### Saved data entries
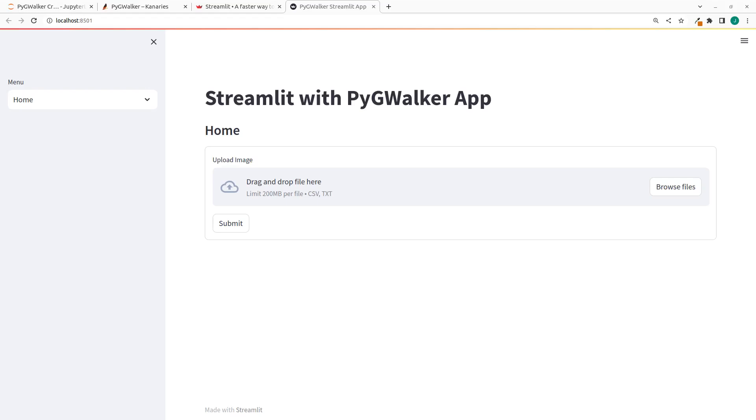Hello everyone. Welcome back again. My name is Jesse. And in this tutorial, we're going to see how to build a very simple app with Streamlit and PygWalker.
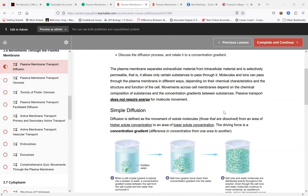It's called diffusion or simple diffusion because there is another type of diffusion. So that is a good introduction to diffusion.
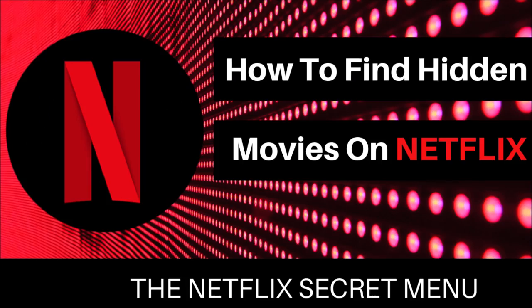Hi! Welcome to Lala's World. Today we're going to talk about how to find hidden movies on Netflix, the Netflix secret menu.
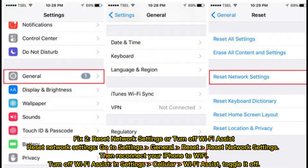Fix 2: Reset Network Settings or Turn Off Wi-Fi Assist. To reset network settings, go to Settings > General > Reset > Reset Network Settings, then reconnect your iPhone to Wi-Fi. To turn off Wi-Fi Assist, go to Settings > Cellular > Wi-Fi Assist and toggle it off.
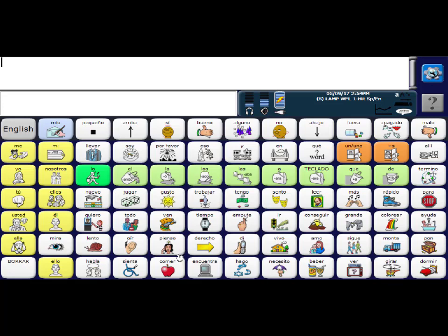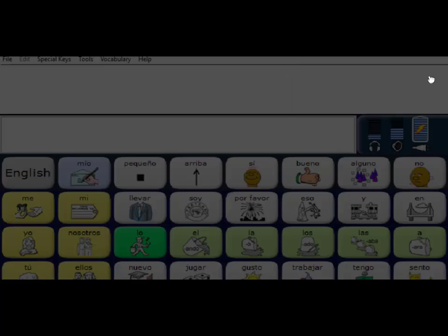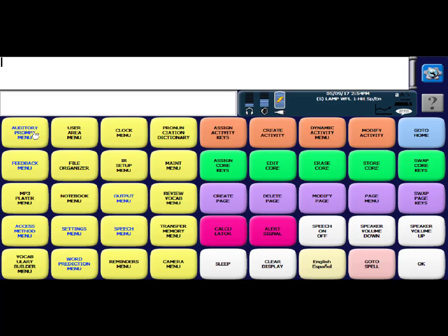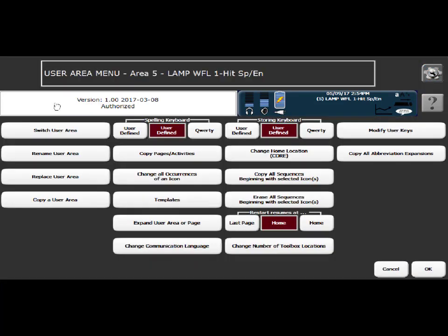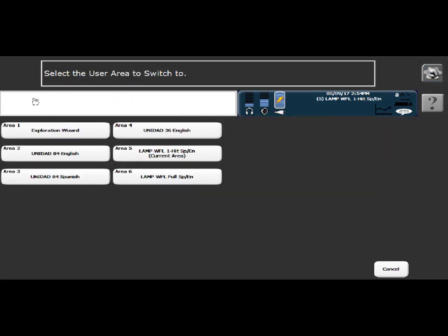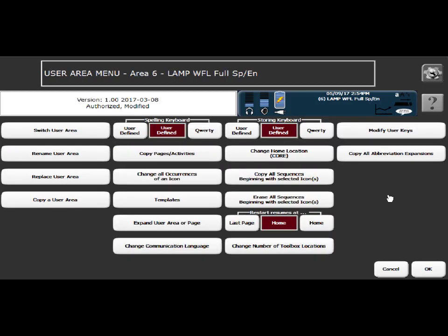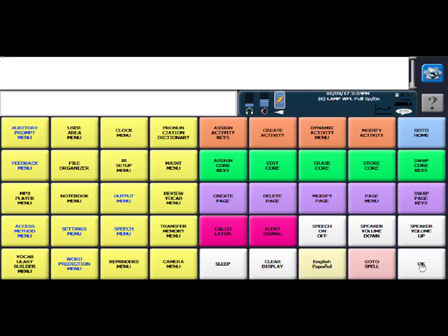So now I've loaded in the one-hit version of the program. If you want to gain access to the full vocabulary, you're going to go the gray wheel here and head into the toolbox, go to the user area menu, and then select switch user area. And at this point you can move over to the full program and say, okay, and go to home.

### Exercise objective
Restate the data above verbatim, skipping every image.

### Exercise result
Hello everyone. Welcome back again. My name is Jesse. And in this tutorial, we're going to see how to build a very simple app with Streamlit and PygWalker.
It's called diffusion or simple diffusion because there is another type of diffusion. So that is a good introduction to diffusion.
Hi! Welcome to Lala's World. Today we're going to talk about how to find hidden movies on Netflix, the Netflix secret menu.
Fix 2: Reset Network Settings or Turn Off Wi-Fi Assist. To reset network settings, go to Settings > General > Reset > Reset Network Settings, then reconnect your iPhone to Wi-Fi. To turn off Wi-Fi Assist, go to Settings > Cellular > Wi-Fi Assist and toggle it off.
So now I've loaded in the one-hit version of the program. If you want to gain access to the full vocabulary, you're going to go the gray wheel here and head into the toolbox, go to the user area menu, and then select switch user area. And at this point you can move over to the full program and say, okay, and go to home.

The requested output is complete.